Right here on TechCrunch, Halcyon Molecular’s William Andregg spoke to Cyan Banister about the need for humans to conquer death to allow us the time to reach the stars.

And of course, Ray Kurzweil has been at this stuff for years: according to a 2005 Wired profile “Kurzweil ingests 250 supplements, eight to 10 glasses of alkaline water and 10 cups of green tea. He also periodically tracks 40 to 50 fitness indicators, down to his ‘tactile sensitivity.'”

Christ.

Oh yes, go to any Silicon Valley party right now and you’ll find a scrawny huddle in the corner discussing the science of living forever: a topic that’s gone from fringe to hot to cliché in – ironically – less time that it takes a tsetse fly to start getting interested in girls. But then why wouldn’t it when the science of ageing touches on so many valley obsessions?

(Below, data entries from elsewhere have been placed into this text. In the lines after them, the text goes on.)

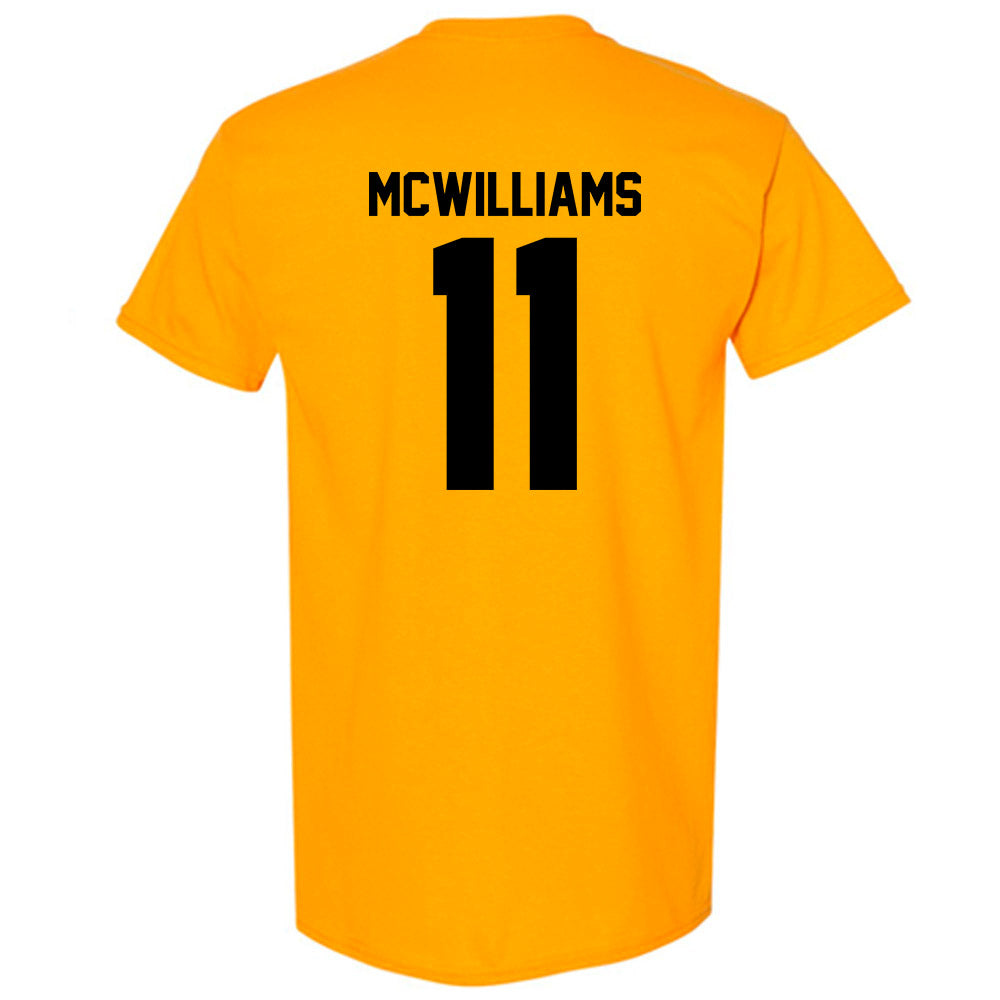 Idaho - NCAA Football : Nolan McWilliams - Classic Shersey T-Shirt-1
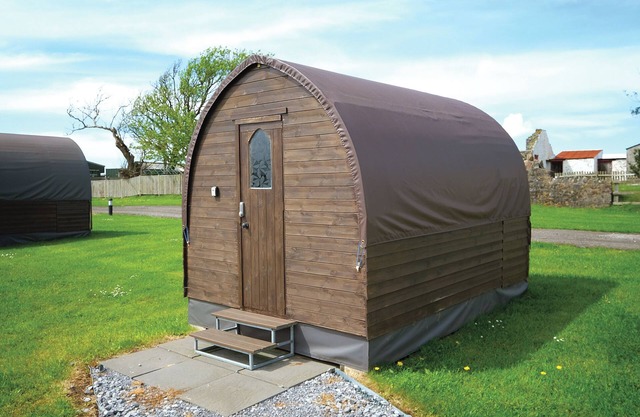 Ocean View 1 - 1 Bed Pod - Llanrhidian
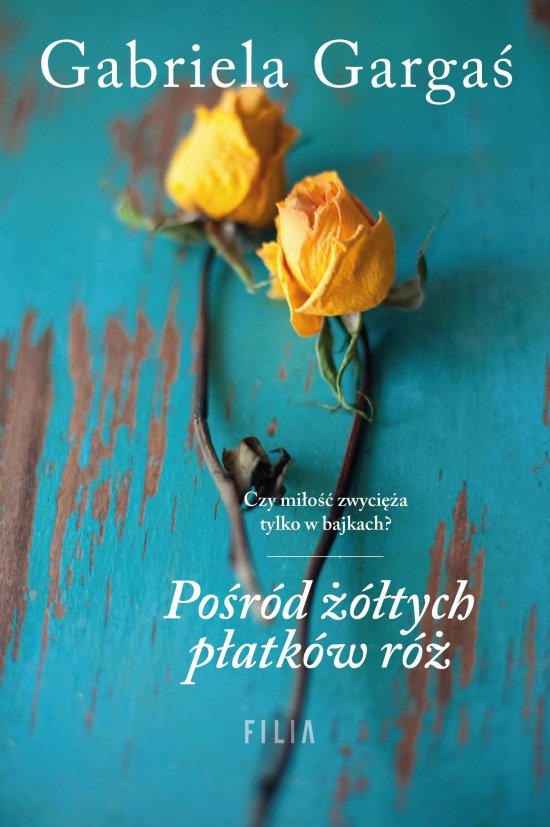 Po�r�d ��tych p�atk�w r�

For a start, gerontology is a science. But it’s also hacking: human bodies aren’t supposed to live much beyond 80, and these are people who would gladly spend a weekend hacking a Furby to make it curse, just because it’s not supposed to. Bill Gates has described bio-hacking (deathhacking?) as the logical successor to computer hacking. More importantly though, Silicon Valley people are – by and large – massive overachievers. Company founders in their teens, rich by the time they’re 30, angel investors by 31, charitable foundation at 40. No wonder these people want to go on forever: just imagine what they could achieve by the time they’re 1030!

And so the research goes on, millions more dollars are poured in to deathhacking startups by rich-mortal-and-terrified benefactors, dozens more books are published on the subject and every day countless startup founders jump into their Teslas and speed to their “doctors” to pick up the latest batch of pills that they hope will keep them around until someone figures this shit out. And why not?

Here’s why not.

A few months ago I finished writing my book about living in hotels – a second memoir by the age of thirty, which is unwarranted by any measure. My deadline was January 1st, but I finally scraped past the finish line somewhere around the start of March. The truth is, I didn’t need the extra time: I’d already had a year to write the thing, and much of that time was spent dicking around in the name of “additional research”, most of which never made it into the final manuscript. But it’s generally accepted that authors never make their deadlines, and my publisher gladly gave me the 90 days grace I claimed I needed to complete the task.

By contrast, Lacy is about to hit ‘send’ on her second book – a book that required many thousands of miles of travel, hundreds of interviews and an immeasurable amount of actual reporting. And yet she’s delivering right on deadline. Why? Well, mainly because she’s more professional than I am, but also because her publisher (being a serious business publisher rather than a chilled-out literary one) is less generous with deadline extensions. They have a schedule to keep to. And, anyway, Sarah has other important projects to be getting on with and doesn’t want to waste time.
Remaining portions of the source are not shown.